▶ [Work to be completed]: Below are some entries. Transcribe the lines from the one holding "日本帶回來的Hello Kitty冰箱貼或白板貼，後面是夾子還可以夾便條紙" to the one holding "Saint Laurent Black", inclusive, but not the pictures among them.

▶ [Records]:
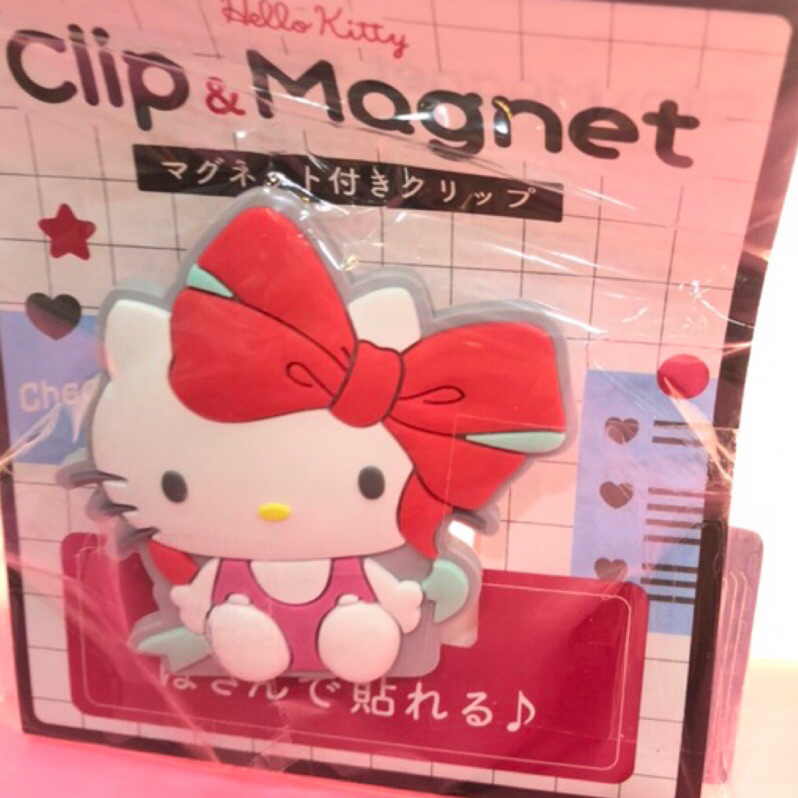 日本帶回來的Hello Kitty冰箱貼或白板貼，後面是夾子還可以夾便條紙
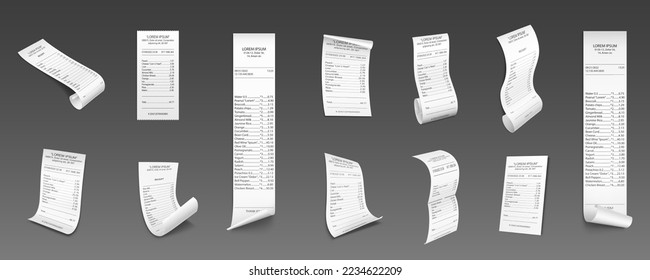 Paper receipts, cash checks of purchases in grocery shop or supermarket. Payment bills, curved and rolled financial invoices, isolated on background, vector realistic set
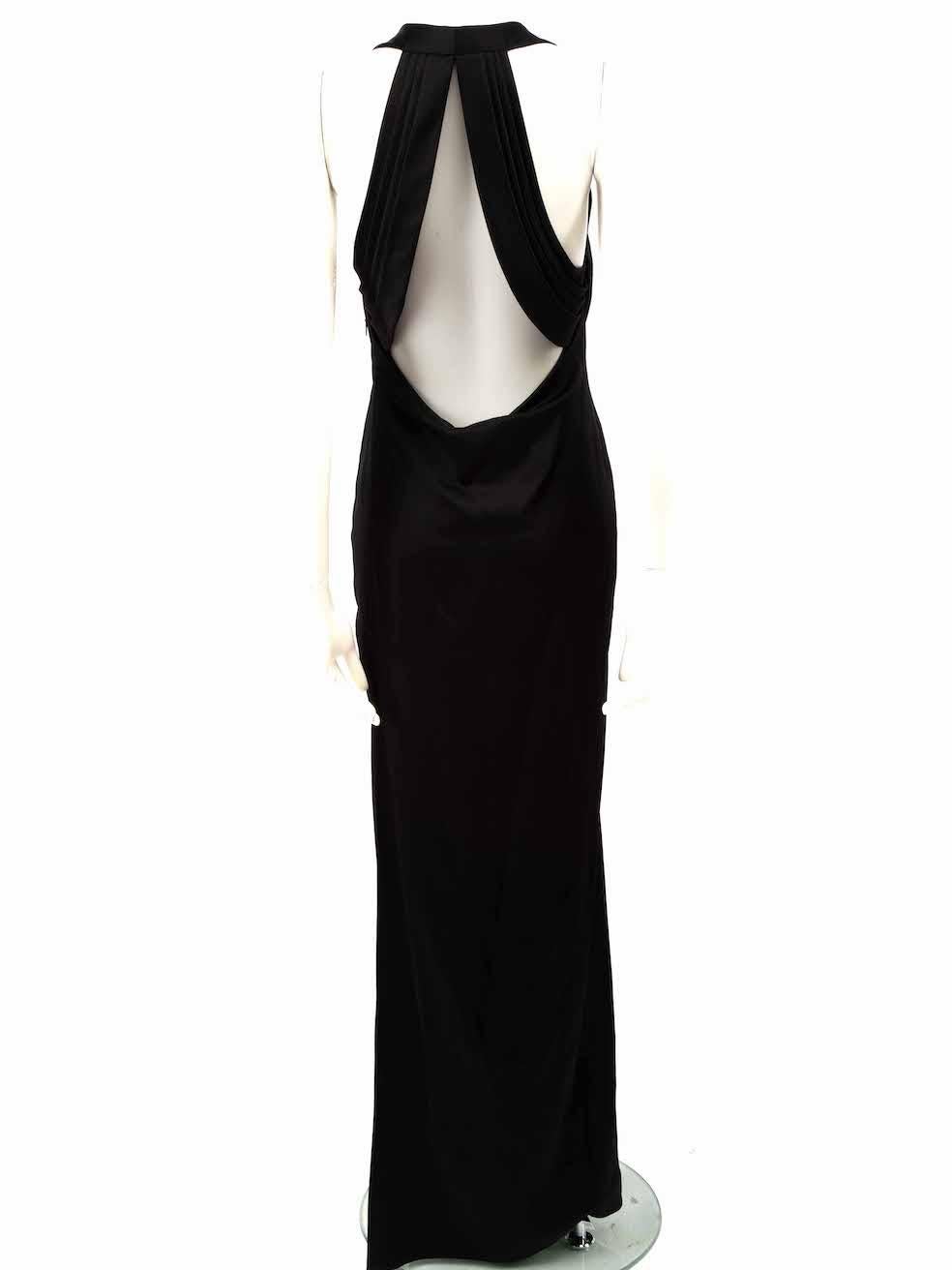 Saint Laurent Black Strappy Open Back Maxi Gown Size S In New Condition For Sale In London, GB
==
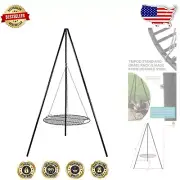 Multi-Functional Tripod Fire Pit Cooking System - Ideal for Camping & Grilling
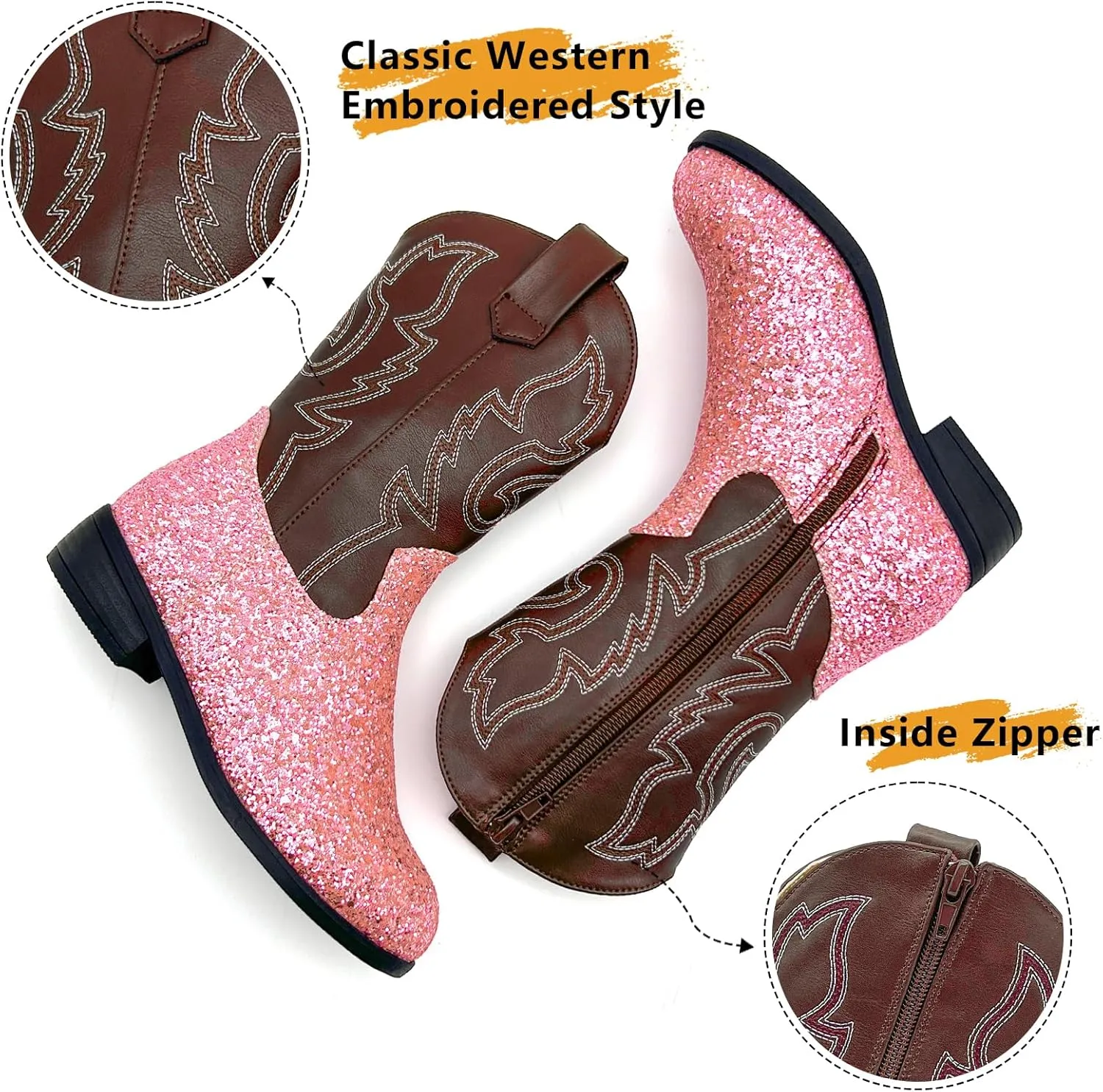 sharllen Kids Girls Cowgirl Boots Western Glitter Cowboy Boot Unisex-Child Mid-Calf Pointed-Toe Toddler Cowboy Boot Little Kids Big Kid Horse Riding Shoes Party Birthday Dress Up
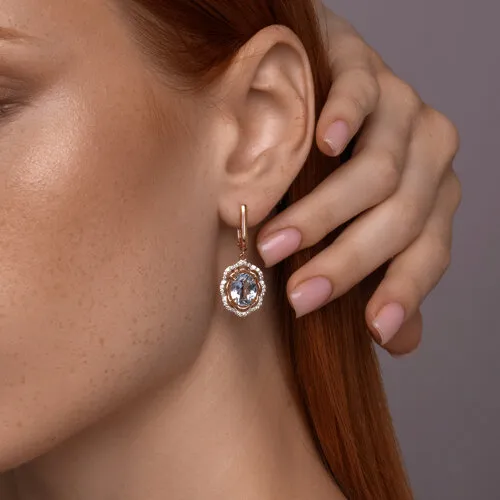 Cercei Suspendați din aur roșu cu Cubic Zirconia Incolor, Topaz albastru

▶ [Exercise solution]:
 日本帶回來的Hello Kitty冰箱貼或白板貼，後面是夾子還可以夾便條紙
 Paper receipts, cash checks of purchases in grocery shop or supermarket. Payment bills, curved and rolled financial invoices, isolated on background, vector realistic set
 Saint Laurent Black Strappy Open Back Maxi Gown Size S In New Condition For Sale In London, GB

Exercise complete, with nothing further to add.